The officer suspected the bookbag was taken into the bathroom to flush drugs, but believing he needed a search warrant to open the bag, did not open it. Another officer responding to the scene opened the bookbag to search for weapons and found marijuana. Ms. Burroughs was subsequently charged with possession.
Challenges & Lower Court Rulings
At trial, the Court denied Ms. Burroughs’ request to suppress evidence of the marijuana on grounds that the warrantless search violated her Fourth Amendment rights. The Court held that the warrantless search was permissible as the bookbag was in plain view and the office had probable cause to suspect it contained drugs.
On appeal, the Third District Court of Appeals rejected the trial court’s finding that the “plain view exception” justified seizure of the bag but did not justify a search without a warrant. However, the Court ruled that the search was justified under the “single-purpose” container exception and affirmed the conviction.
Supreme Court Ruling: Search Warrant Requirements
Writing for the Court, Justice R. Patrick DeWine noted that the requirement to obtain a search warrant is the rule “and not the exception” under the Fourth Amendment.
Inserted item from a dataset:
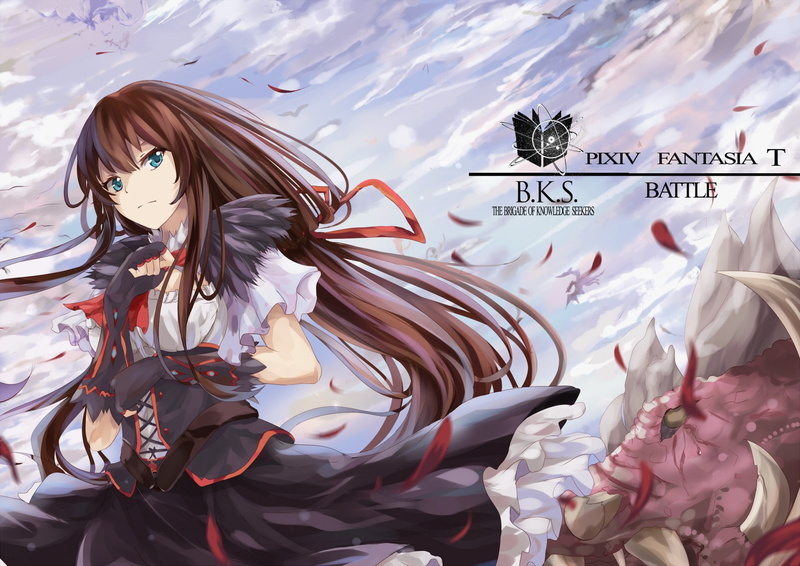 Pixiv Fantasia T, anime girls, 720P, Pixiv Fantasia, original characters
He added that law enforcement may conduct a search only when a specific exception to the warrant requirement applies.
The Marion County Prosecutor’s Office took the position that the single-purpose container exception allowed officers in this case to search Ms. Burroughs’ bookbag. The Court explained the origins of the exception – a footnote in a 1979 U.S. Supreme Court case – included observations that some containers (such as a gun case) could not support an expectation of privacy because its content could be inferred from its outward appearance.
The Court went on to explain that the single-purpose exception is extremely narrow and has never been used by the Ohio or U.S. Supreme Courts to justify a warrantless search. The opinion states that when a container’s appearance does not make its contents clear, “a warrant is required. That’s true, no matter how confident an officer is about what he thinks is inside.”
Ms. Burroughs’ conviction was vacated and remanded to the lower court with instructions to suppress evidence found in the bookbag.